Problem, glusterfs and drbd make storage slower. And lsync is not done to bi-directionnal sync.

Regards

Try SyncThing. FOSS and works well.

Ok I note to try it

1 Like

Thanks to everyone who’s taken an interest in this, with master-master not supported I don’t see a way of expanding this beyond a local network PoC and so will spin it all down.

What I’ve learned:

  • SyncThing is super reliable, handles thousands upon thousands of files and has the flexibility to be used in a usecase such as this; full webapp replication between several servers without any fuss however:

    • Feasibility in a distributed deployment model where latency and potentially flaky connections wasn’t tested thoroughly, and while the version management was spot on at picking up on out of sync files, it would need far more testing before being even remotely considered for a larger deployment

    • Load on the server can be excessive if left setup in a default state, however intentionally reducing the cap for the processes will obviously impact sync speed and reliability

  • Data/app replication between sites is not enough if you have multiple nodes sharing a single database

    • The first few attempts at a NC upgrade for example led to issues with every other node once the first had a) updated itself and b) made changes to the database.

      • This may be rectified by undertaking upgrades on each node individually but stopping at the DB step, opting to only run that on the one, I didn’t test this though.
    • I think a common assumption is you only need to replicate /data, however what happens if an admin adds an app on one node? It doesn’t show up on the others. Same for themes.

  • Galera is incredible

    • The way it instantly replicates, fails over and recovers, particularly combined with HAProxy which can instantly see when a DB is down and divert, is so silky smooth I couldn’t believe it.

    • Although a powercut entirely wiped Galera out and I had to build it again, this wouldn’t happen in a distributed scenario
 despite the cluster failure I was still able to extract the database and start again with little fuss anyway.

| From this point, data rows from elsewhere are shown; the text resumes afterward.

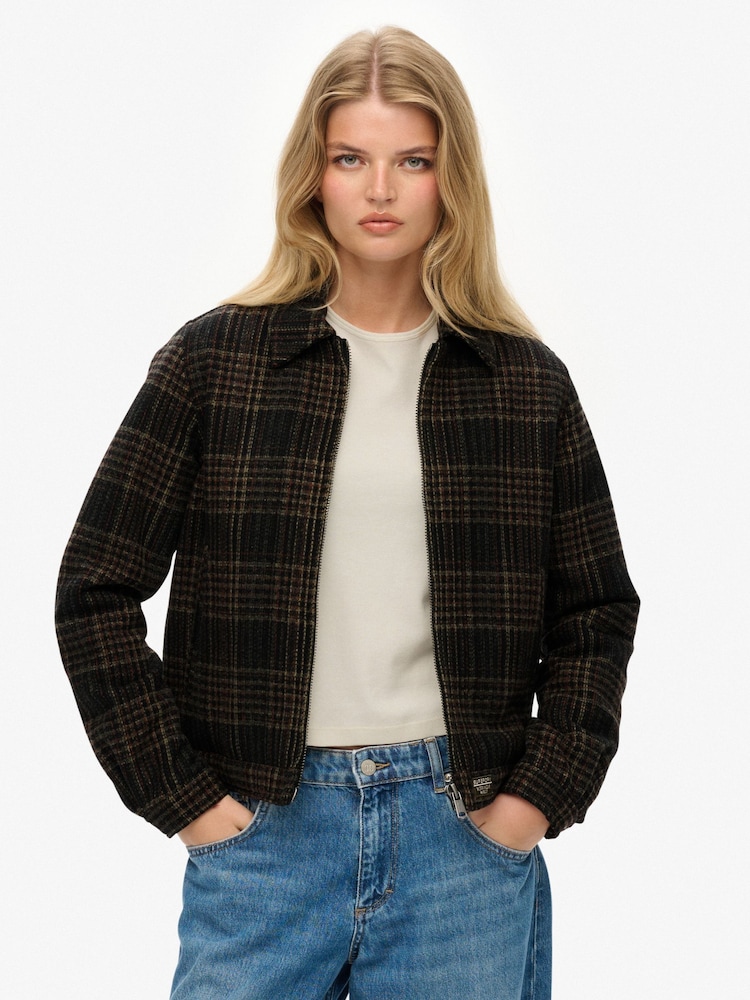 Superdry Brown Checked Ranch Quilted Jacket - Image 1 of 7 Superdry Brown Checked Ranch Quilted Jacket - Image 1 of 7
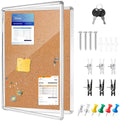 36x24 Lockable Enclosed Bulletin Board,Weatherproof Cork Display Case by Unknown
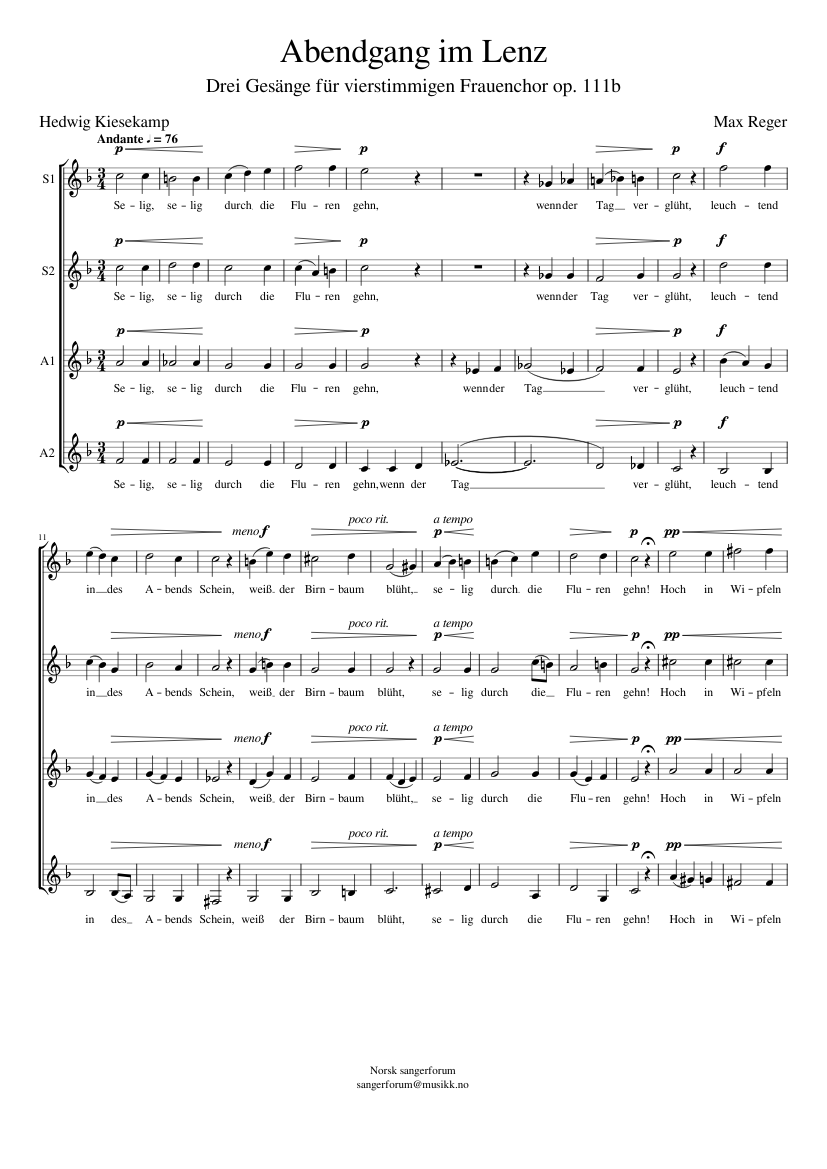 Drei Gesänge für Frauenchor Op. 111b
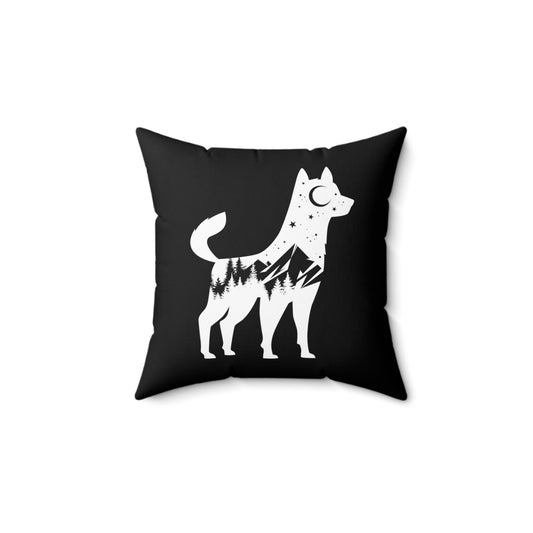 Mountain Dog Spun Polyester Square Pillow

    • The master-master configuration is not compatible with NC, so at best you’ll have a master-slave(n) configuration, where all nodes have to write to the one master no matter where in the world it might be located. Another solution for multimaster is needed in order for nodes to be able to work seamlessly as if they’re the primary at all times.

  • Remote session storage is a thing, and NC needs it if using multiple nodes behind a floating FQDN

    • Otherwise refreshing the page could take you to another node and your session would be nonexistent. Redis was a piece of cake to setup on a dedicated node (though it could also live on an existing node) and handled the sessions fine.

    • It doesn’t seem to scale well though, with documentation suggesting VPN or tunneling to gain access to each Redis node in a Redis “cluster” (not a real cluster) as authentication is plaintext or nothing, and that’s bad if you’re considering publishing it to the internet for nodes to connect to.

  • When working with multiple nodes, timing is everything.

    • I undertook upgrades that synced across all nodes without any further input past kicking it off on the first node; however don’t ever expect to be able to take the node out of maintenance mode in a full-sync environment until all nodes have successfully synced, otherwise some nodes will sit in a broken state until complete

    • Upgrading/installing apps/other sync related stuff takes quite a bit longer, but status pages of SyncThing or another distributed storage/sync solution will keep you updated on sync progress

  • The failover game must be strong

    • By default HAProxy won’t check nodes quickly enough for my liking, meaning if a node suddenly fails and I refresh, it may result in an error. I found the following backend setting resulted in faster checks and was more ruthless about when a node comes back up (requires 2 successful responses to come back into the cluster, but only on fail to drop out):

server web1 10.10.20.1:80 check fall 1 rise 2

In summary, it was a good experiment and I learned a few things. Although I faced no issue with Galera in master-master I understand it could lead to problems down the road and it’s therefore not something I’d invest any more time into. I will however use some of the things I learned here to improve other things I manage and perhaps will be able to revisit this in the future if Global Scale flops (:stuck_out_tongue: jokes)

If anyone does wish to have a poke around, check performance and whathaveyou, by all means feel free to do so for the rest of today, this evening it’s all being destroyed :thumbsup:

Thanks particularly to @LukasReschke for your advice!


Edit: All now shut down.

4 Likes

Wrote it up in a bit more detail here:

Wow, very very useful stuff here, many thanks @JasonBayton

I’m working with a NC12 installation with 40 users not very active.
At the moment I have a single instance of NC+DB+Redis but the Virtual Machines involved (3) are already clustered. Indeed I have the following already in-place:

  1. MariaDB 10.1 galera master-master (2 nodes + 1 arbiter)
  2. GlusterFS, 2 nodes
  3. 2 HAproxy with floating IP, all configured as active-backup

I’m not interested on balancing, but only on the failover features: I need to shutdown a node without users noticing it.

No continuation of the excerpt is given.